S&P Global Ratings Forecasts that Indian Currency, Inflation may not Face Significant Pressure from Ongoing Geopolitical Situation
By Ankur Chandra | Updated at: Sep 30, 2025 12:49 PM IST

New Delhi, June 24: S&P Global Ratings has forecasted that Indian currency and inflation will not face significant pressure from ongoing geopolitical situation.
Vishrut Rana, an Economist at S&P Global Ratings, highlighted that despite some recent volatility, Brent crude oil prices are still below last year’s levels. A year ago, Brent crude traded around USD 85 per barrel. Currently, prices have seen a further dip, particularly after the announcement of a potential ceasefire between Israel and Iran, which brought oil prices down to approximately USD 69 per barrel.
“This will help contain both current account outflows and domestic energy price pressures. While energy prices may rise moderately, the path of food prices will have a higher impact on inflation. Overall, we do not expect significant pressure on the Indian rupee or inflation,” said Rana.

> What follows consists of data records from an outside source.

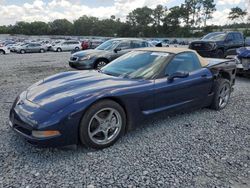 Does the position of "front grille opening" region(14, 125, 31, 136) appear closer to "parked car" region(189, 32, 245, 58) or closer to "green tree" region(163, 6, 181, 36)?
"parked car" region(189, 32, 245, 58)

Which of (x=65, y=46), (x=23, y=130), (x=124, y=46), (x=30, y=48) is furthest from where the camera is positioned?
(x=65, y=46)

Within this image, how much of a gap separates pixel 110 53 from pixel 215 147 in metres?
7.06

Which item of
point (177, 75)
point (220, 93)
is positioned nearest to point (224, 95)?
point (220, 93)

Rupee Shows Strength in Morning Trade
Reflecting the positive impact of easing global oil prices and developments regarding the ceasefire, the Indian rupee opened stronger on Tuesday at ₹86.13 against the US dollar. This marks a 65-paise appreciation compared to its closing rate on Monday.
India’s economy is notably reliant on energy imports, with over 85% of its crude oil and nearly half of its natural gas being sourced from abroad. A substantial portion of these imports originates from the Middle East, making the region’s stability a crucial factor for India’s trade balance and its inflation outlook.
Inflation and Currency Outlook for 2025
S&P Global Ratings has outlined its projections for India’s key economic indicators:
- Inflation: S&P anticipates India’s inflation to average 4% in 2025, a decrease from 4.6% in 2024.
- Currency (Rupee): The agency forecasts a slight weakening of the rupee, expecting it to reach ₹87.5 per US dollar by the end of 2025, compared to ₹86.6 at the end of 2024.
While geopolitical tensions might lead to temporary volatility in the rupee due to increased global risk aversion, S&P believes that current energy price levels would act as a protective cushion against major shocks.
Global Conflict Impact on Growth Still Limited
Regarding broader economic implications, Vishrut Rana noted that the current conflict’s impact on global growth remains modest at this juncture. However, he cautioned that prolonged geopolitical tensions could pose a downside risk to overall economic momentum.
In a separate development, S&P Global Ratings has revised India’s GDP growth forecast for the current fiscal year (FY26) upwards to 6.5%. This optimistic revision is driven by expectations of a normal monsoon season, continued lower crude oil prices, and the potential for monetary policy support. India’s strong domestic demand resilience is also seen as a key factor in mitigating potential economic slowdowns.
Bottom Line
While global geopolitical developments will always be on the radar, S&P Global Ratings’ assessment suggests that India’s economy is relatively well-positioned to manage potential fallout, thanks to favourable energy price trends and robust domestic fundamentals. Today’s rupee appreciation further underscores this resilience.